Thermal photons from a modern hydrodynamical model of heavy ion collisions

Jean-Francois Paquet (Stony Brook)

Early fluid-dynamical calculations of direct photon spectra and momentum anisotropy were found to be systematically smaller than measurements from the RHIC and the LHC, an observation that became known as the "direct photon puzzle". I will show that the use of a modern hydrodynamical model of heavy ion collisions and of the latest photon emission rates greatly improves agreement with both ALICE andPHENIX data, supporting the idea that thermal photons are the dominant source of direct photon momentum anisotropy in heavy ion collisions. The event-by-event hydrodynamical model used includes, for the first time, both shear and bulk viscosities, along with second order couplings between the two viscosities. Calculations using different photon emission rates will be shown, including one that takes into account the effect of confinement on photon emission.
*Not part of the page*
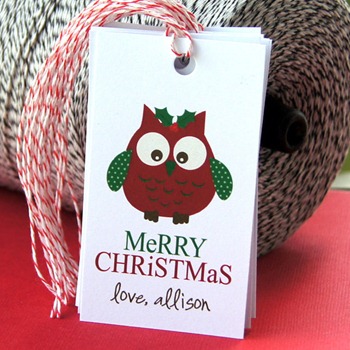 owl Christmas gift tags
The effect of both shear and bulk viscosities on the photon rates will be shown to have a measurable effect on the photon momentum anisotropy.

Oct 05, 2015

Hydrodynamics and eta/s in Strongly Correlated Electron Systems

Jon Rameau (BNL)

Perfect fluids are characterized as having the smallest ratio of shear viscosity to entropy density, η/s, consistent with quantum uncertainty and causality. So far, nearly perfect fluids have only been observed in the quark-gluon plasma and in unitary atomic Fermi gases, exotic systems that are amongst the hottest and coldest objects in the known universe, respectively. We use angle resolved photoemission spectroscopy to measure the temperature dependence of an electronic analog of η/s in an optimally doped cuprate high-temperature superconductor, finding it too is a nearly perfect fluid around, and above, its superconducting transition temperature Tc.

Sep 21, 2015

New theoretical developments on search for QCD critical points

Yi Yin (BNL)

Fluctuations of conserved quantities are important indicators of QCD critical point. We have derived a set of equations describing the real time evolution of non-Gaussian fluctuations in QCD critical regime by taking both universal equilibrium properties and universal non-equilibrium physics into account. We have applied our equations to model Beam energy scan program in heavy-ion collision experiment and illustrate importance of memory effect on search for QCD critical point. Finally, I will discuss possible divergence of heavy quark diffusive constant near QCD critical point and its phenomenological importance.